\( \left. \begin{array} { l } { 7 ^ { \frac { 1 } { 3 } } * 7 ^ { \frac { 1 } { n } } = 49 ^ { \frac { 1 } { 7 } } } \\ { = \frac { 4 ^ { \frac { 1 } { 3 } } } { 20 ^ { 1 / 3 } } = 5 ^ { 1 / 3 } } \\ { \Rightarrow a ^ { m } + a ^ { n } = a ^ { m + n } } \\ { \Rightarrow a ^ { m } + a ^ { n } = a ^ { m \cdot n } } \end{array} \right. \)
Upstudy AI Solution
Answer
Solution

Sign in to Unlock Answers for Free!
A Learning Platform Trusted by Millions of Real Students and Teachers.
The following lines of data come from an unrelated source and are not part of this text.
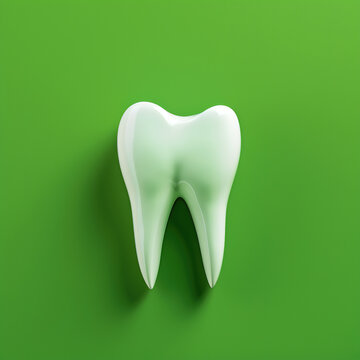 White tooth on a green background. The concept of dental health.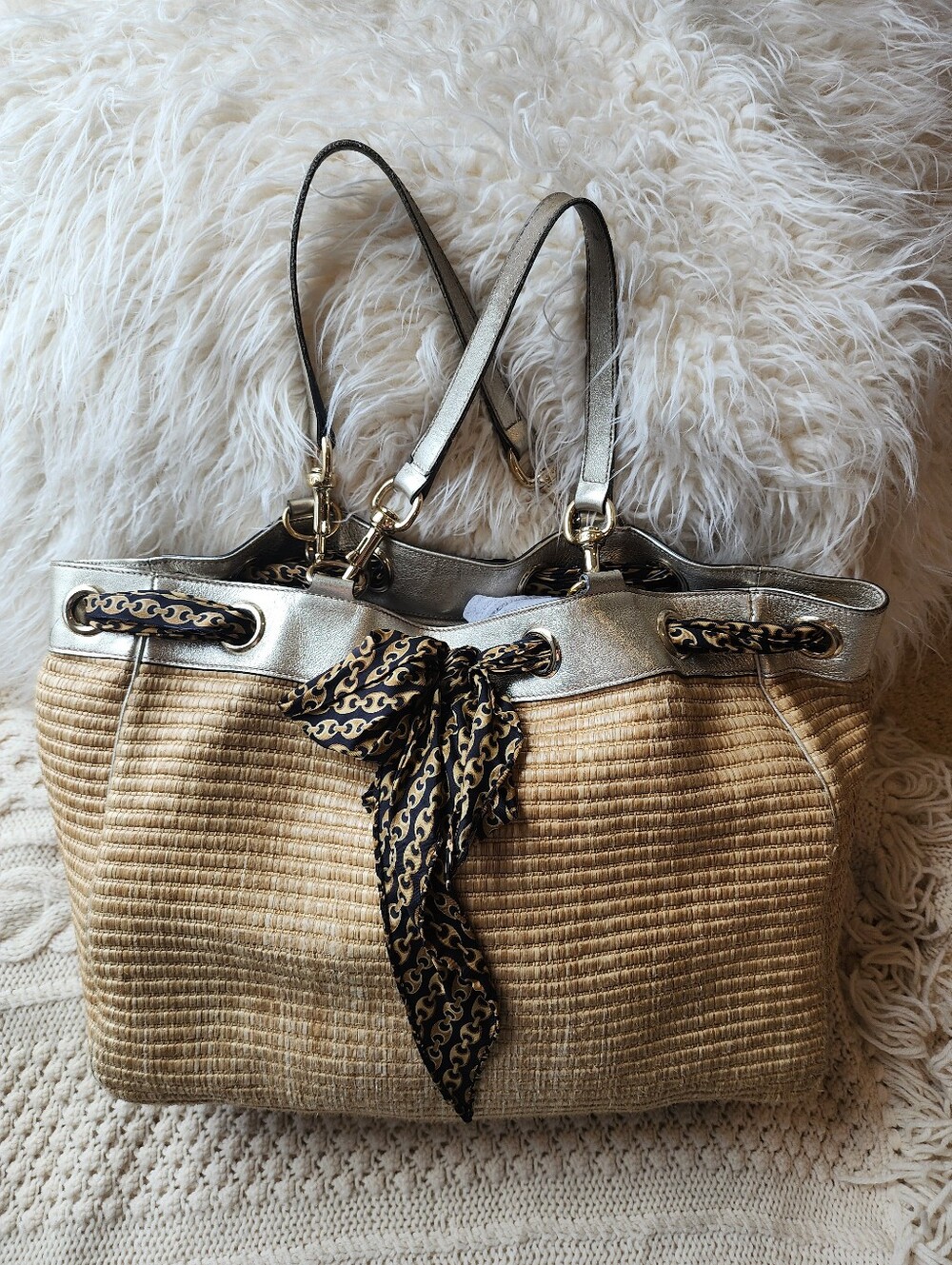 GUCCI Raffia Positano Scarf Tote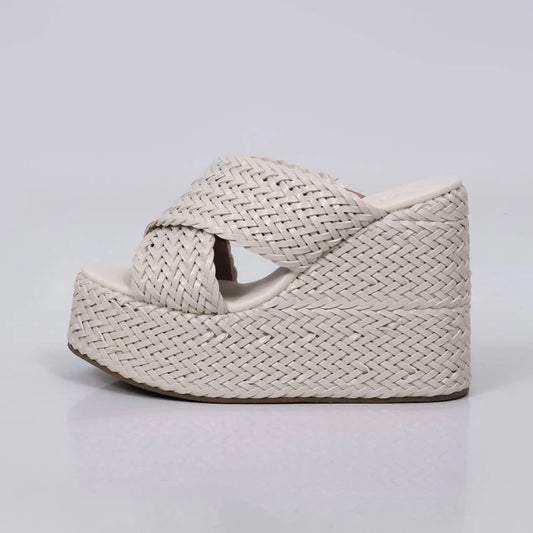 Dubai - Tamanco Anabela Feminino Plataforma Trançado Off-white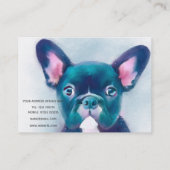 かわいいティール(緑がかった色)ピンクフランスのブルドッグデザイン 名刺 (裏面)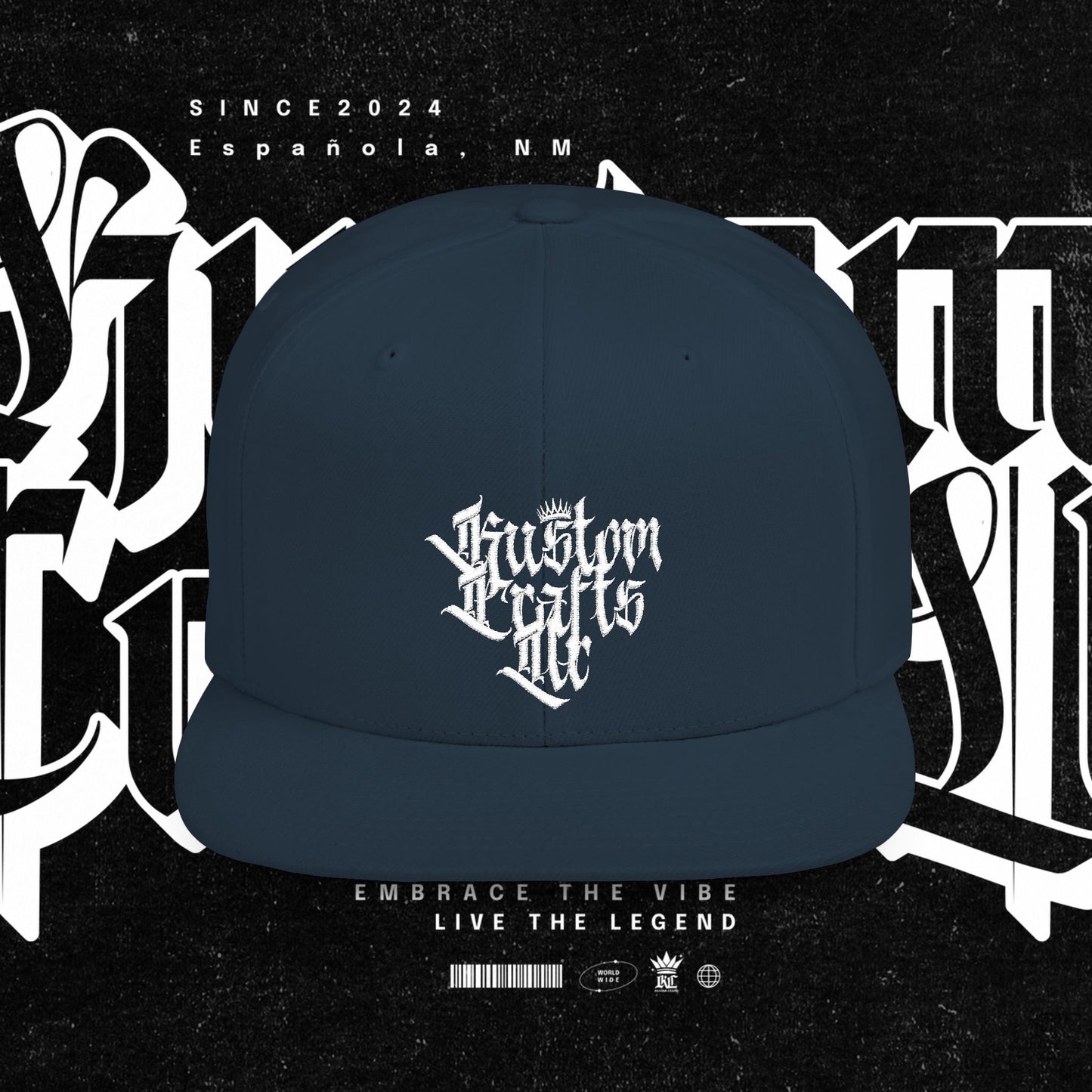 Custom Flat Bill Snapback Hat | Embrace the Vibe, Live the Legend | Perfect for Streetwear, Festivals, Casual Outings, Gifts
Answered by UpStudy AI and reviewed by a Professional Tutor
Beyond the Answer
Let's dive into the world of exponents! Did you know that the rules of exponents can be visualized as a fun game of combining powers? When you multiply bases, like \(7^{\frac{1}{3}}\) and \(7^{\frac{1}{n}}\), you're essentially stacking, which leads to \(7^{(\frac{1}{3} + \frac{1}{n})}\). This magic works because multiplying the same base allows you to add the exponents. Just remember, \(a^m \times a^n = a^{m+n}\)! Now, if you're looking to master exponents, a great real-world application is in finance! Compound interest formulas use exponents to predict how money grows over time. For example, if you invest money that compounds annually, the formula \(A = P(1 + r)^t\) uses exponents to show how your investment \(P\) increases at rate \(r\) over time \(t\). This can help you strategize your investments and grow your wealth!